_TASK TO CARRY OUT_
I would like the number of lines in the data that contain the word "Image". Please give that number alone.

_DATA EXTRACTS_
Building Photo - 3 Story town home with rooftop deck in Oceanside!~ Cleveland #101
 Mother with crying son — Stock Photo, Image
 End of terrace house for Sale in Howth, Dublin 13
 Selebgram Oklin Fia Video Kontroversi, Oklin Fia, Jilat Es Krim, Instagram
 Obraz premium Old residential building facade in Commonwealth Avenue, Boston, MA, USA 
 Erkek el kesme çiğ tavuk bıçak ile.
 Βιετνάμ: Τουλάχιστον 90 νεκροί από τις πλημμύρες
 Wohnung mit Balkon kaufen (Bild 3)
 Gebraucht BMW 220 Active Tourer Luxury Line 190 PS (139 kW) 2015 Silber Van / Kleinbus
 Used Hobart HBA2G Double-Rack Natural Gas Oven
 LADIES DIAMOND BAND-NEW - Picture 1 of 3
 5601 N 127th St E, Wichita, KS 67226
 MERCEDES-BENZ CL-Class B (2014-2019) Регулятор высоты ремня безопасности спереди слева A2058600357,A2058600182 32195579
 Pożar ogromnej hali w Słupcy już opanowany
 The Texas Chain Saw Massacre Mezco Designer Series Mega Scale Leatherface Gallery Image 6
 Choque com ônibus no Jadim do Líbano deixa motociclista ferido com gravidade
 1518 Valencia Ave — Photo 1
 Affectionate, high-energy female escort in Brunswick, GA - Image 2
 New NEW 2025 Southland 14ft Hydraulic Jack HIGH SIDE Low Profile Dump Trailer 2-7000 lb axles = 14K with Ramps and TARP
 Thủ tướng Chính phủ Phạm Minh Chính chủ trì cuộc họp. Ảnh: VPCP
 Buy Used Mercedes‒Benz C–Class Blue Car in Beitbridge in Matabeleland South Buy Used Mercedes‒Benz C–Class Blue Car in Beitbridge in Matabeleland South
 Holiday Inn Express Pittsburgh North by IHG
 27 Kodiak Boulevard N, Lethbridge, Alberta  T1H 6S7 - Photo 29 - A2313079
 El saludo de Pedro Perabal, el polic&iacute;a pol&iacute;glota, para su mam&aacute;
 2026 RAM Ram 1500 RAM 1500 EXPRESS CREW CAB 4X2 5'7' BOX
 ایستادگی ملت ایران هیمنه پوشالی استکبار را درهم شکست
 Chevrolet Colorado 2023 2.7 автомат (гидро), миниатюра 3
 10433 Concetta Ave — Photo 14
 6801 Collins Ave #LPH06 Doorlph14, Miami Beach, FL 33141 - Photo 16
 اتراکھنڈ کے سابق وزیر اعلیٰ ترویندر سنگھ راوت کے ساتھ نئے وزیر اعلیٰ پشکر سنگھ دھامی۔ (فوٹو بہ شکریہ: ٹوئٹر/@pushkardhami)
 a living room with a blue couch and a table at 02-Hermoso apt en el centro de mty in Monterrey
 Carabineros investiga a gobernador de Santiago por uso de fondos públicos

_SOLUTION_
3